# WORK TASK
The job is to output exactly the lines that run from the start of the entries through the line containing "618 Turkey Point", pictures omitted.

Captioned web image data
..........

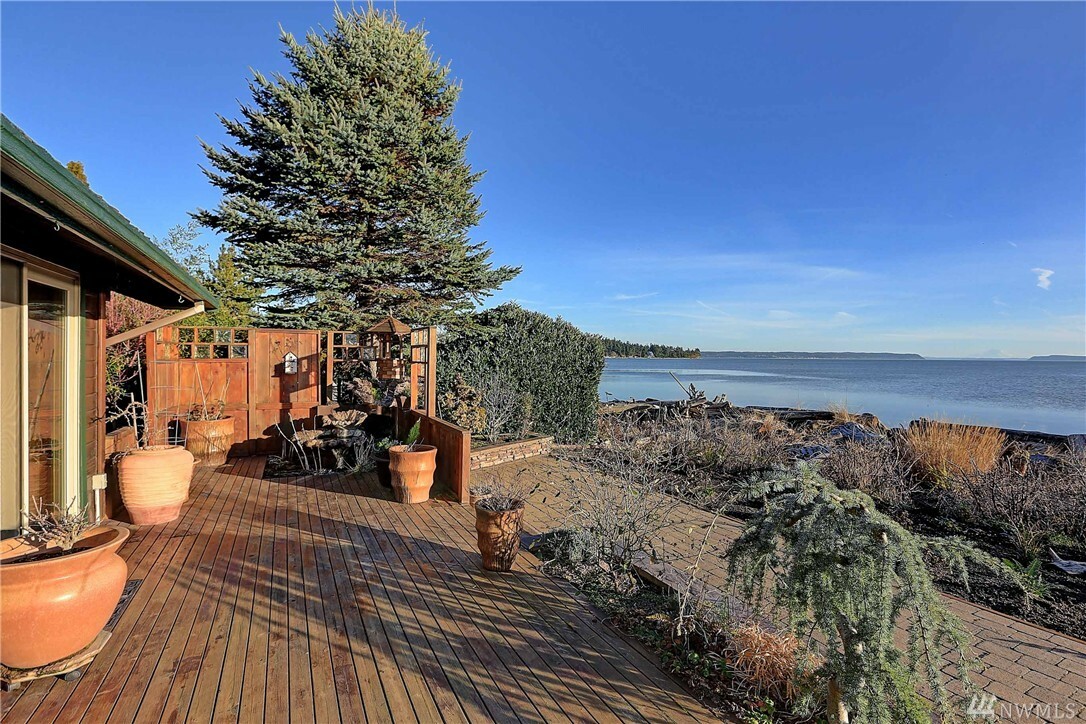 Property Photo:  864 Livingston Bay Shore Dr  WA 98282 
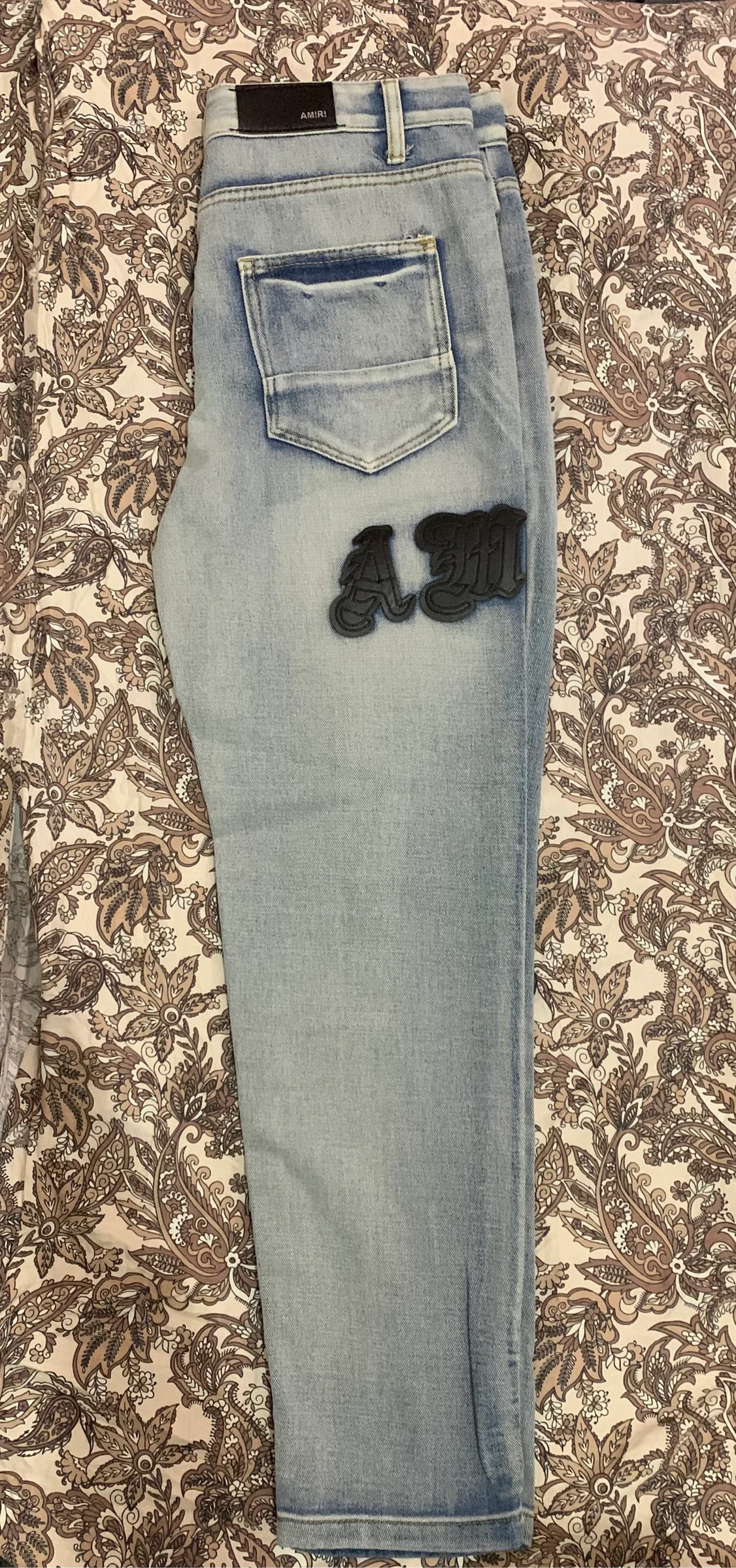 Jeans rasgado com efeito desbotado e logo 'IRI' – photo 7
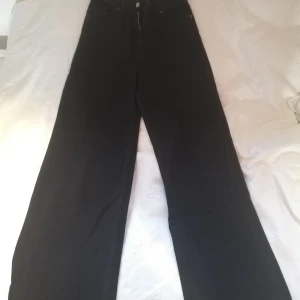 Svarta jeans - Svarta jeans med wide leg. Högmidjade med orginallappen kvar. Frakt inkluderad i priset (49kr). Bra skick. Orginalpris 39 euro. 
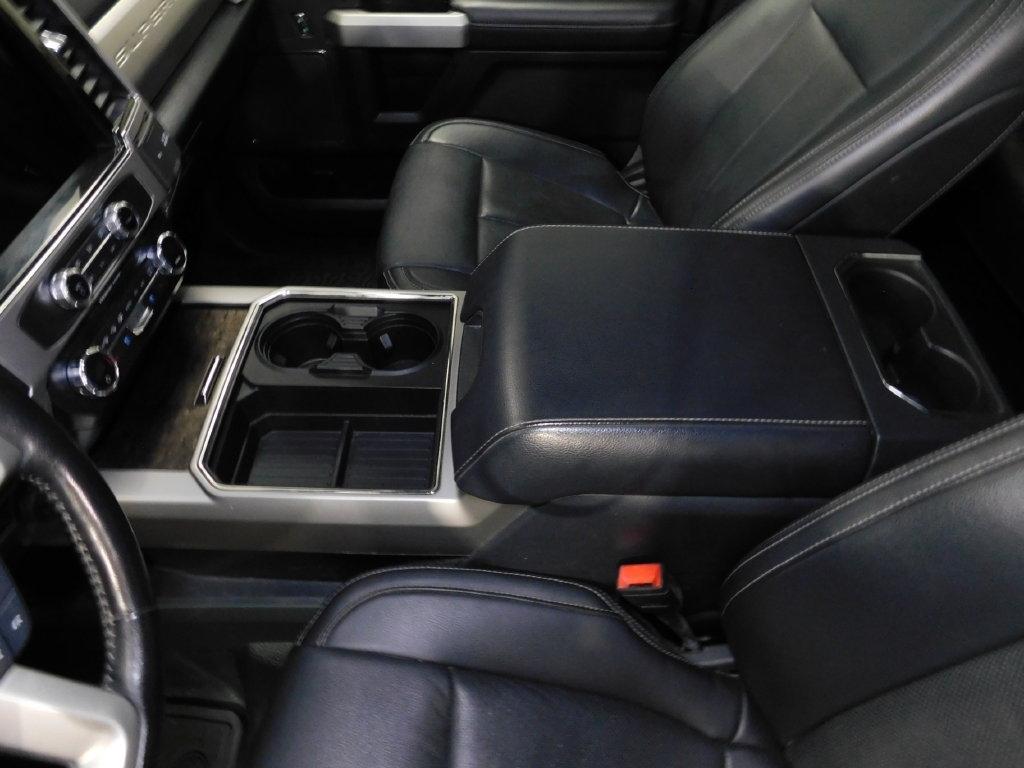 Ford F-250 SD Lariat Crew Cab 4WD 2022
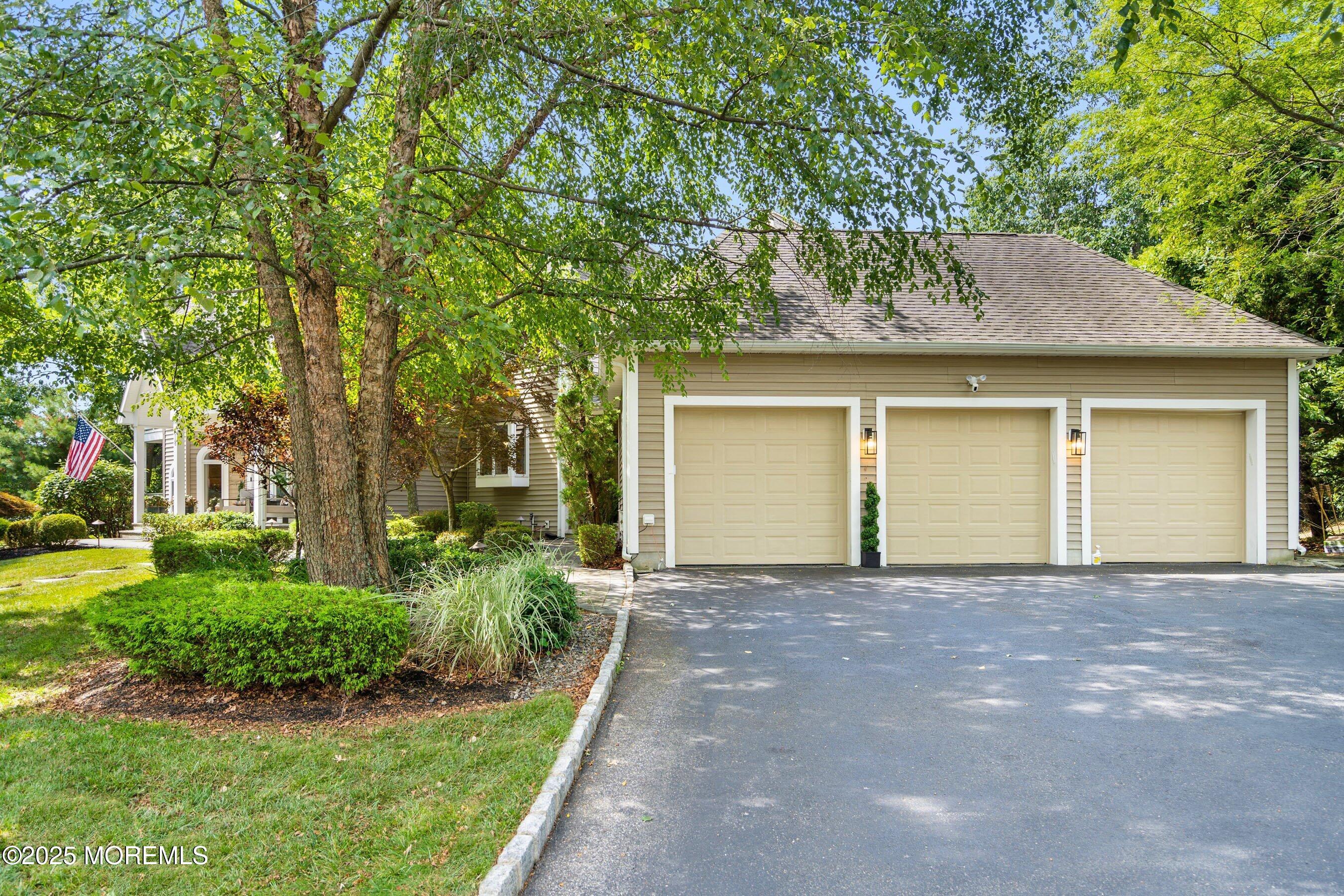 618 Turkey Point Road Brick, NJ 08724 - Photo 8 of 100 09-Driveway NEW
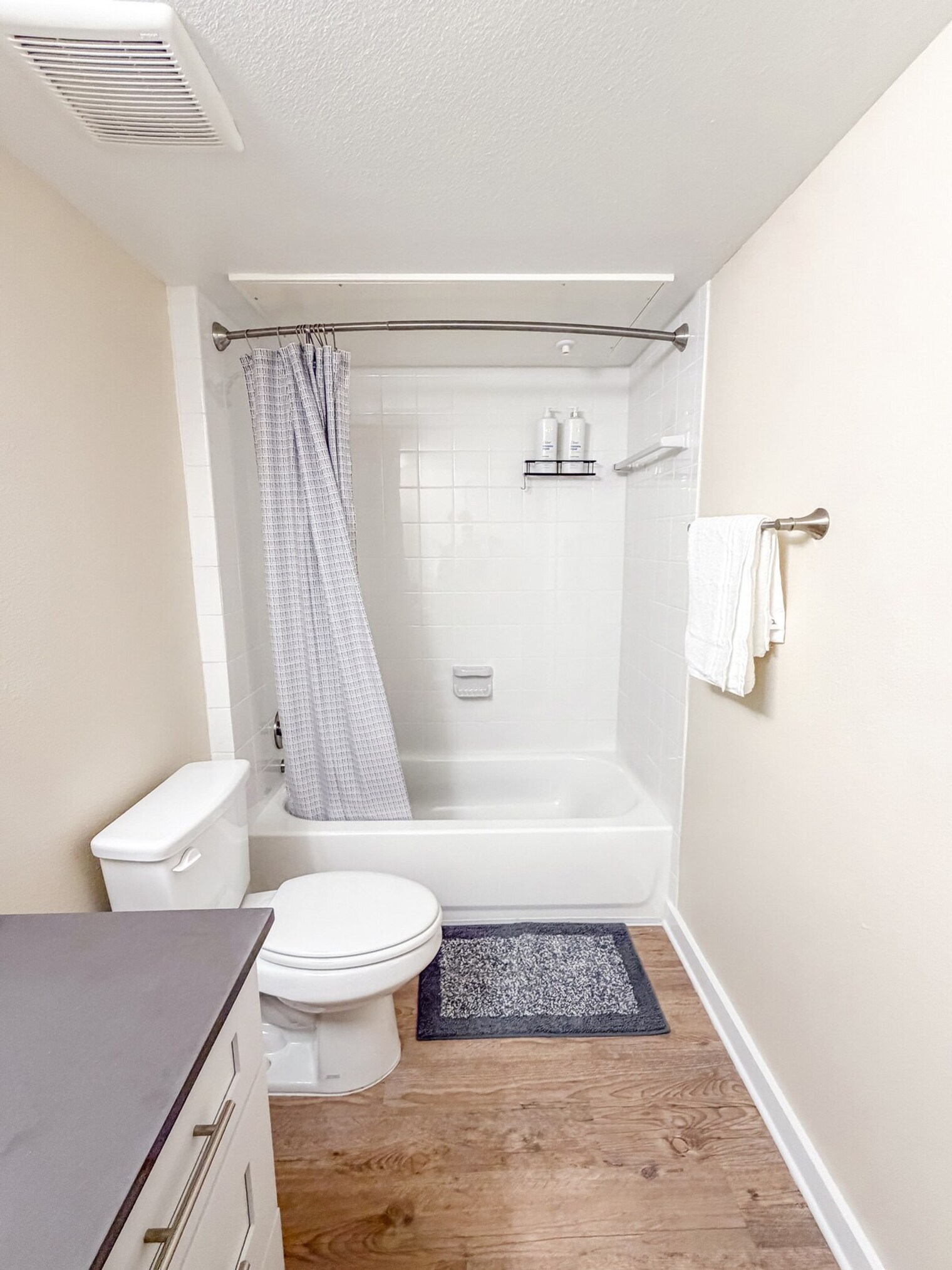 Building Photo - 1450 N Hwy 360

..........

# ANSWER TO THIS EXERCISE
 Property Photo:  864 Livingston Bay Shore Dr  WA 98282 
 Jeans rasgado com efeito desbotado e logo 'IRI' – photo 7
 Svarta jeans - Svarta jeans med wide leg. Högmidjade med orginallappen kvar. Frakt inkluderad i priset (49kr). Bra skick. Orginalpris 39 euro. 
 Ford F-250 SD Lariat Crew Cab 4WD 2022
 618 Turkey Point Road Brick, NJ 08724 - Photo 8 of 100 09-Driveway NEW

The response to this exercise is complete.